BUDAPEST — At one time, a typical afternoon in this city might require an hour spent at a cukraszda (cafe) sipping coffee over decadent, mile-high cakes or sticky, sweet strudel. While pastry consumption has become less of a ritual, the dozens of cukraszdas that line Budapest streets have not disappeared, and neither has the carefully crafted artistry of Hungarian pastries. The clientele has shifted from the masses to older women keeping this sweet tradition going and tourists in search of local flavor.

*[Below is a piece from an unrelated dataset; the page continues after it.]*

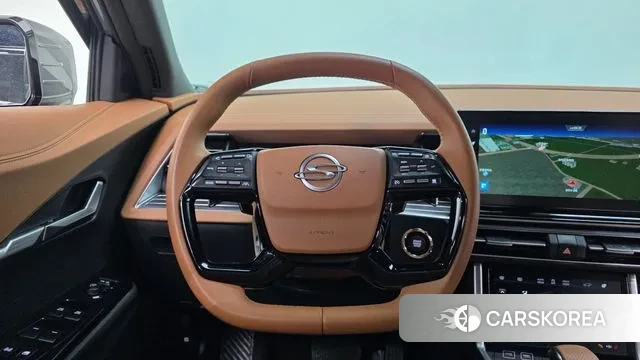 Ssangyong Torres 2023 Зеленый из Кореи, фото 5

The Danube River divides Budapest into Buda and Pest, both sprinkled with famous pastry shops dating to the early 19th century. Buda is the older side, with views of the Danube from a picturesque hill; Pest is modern, hip, and cosmopolitan. A plethora of cukraszdas on both sides showcase extravagant and very traditional cakes in glass cases. You want to look at the entire case before you decide.
The first stop on our self-guided pastry tour of Pest is Molnar’s Kurtoskalacs Bakery. Kurtoskalacs — also called chimney cake for its long, hollow, cylindrical shape — are actually from Transylvania, from a time when Romania included a large Hungarian population. The confection is available at street carts around the city, but Hungarians consider Molnar’s the best. Through the window, passersby can peer at a young baker rolling out dough for kurtoskalac, which is somewhat reminiscent of a less sweet doughnut with a crispy shell and a soft, doughy center. The baker slices the rolled dough into strips and wraps them around a wooden dowel to bake for a few minutes. Once they emerge, she rolls the pastries in toppings such as chopped walnuts, coconut, or the most popular, cinnamon-sugar. The strips pull apart, making it easy to share.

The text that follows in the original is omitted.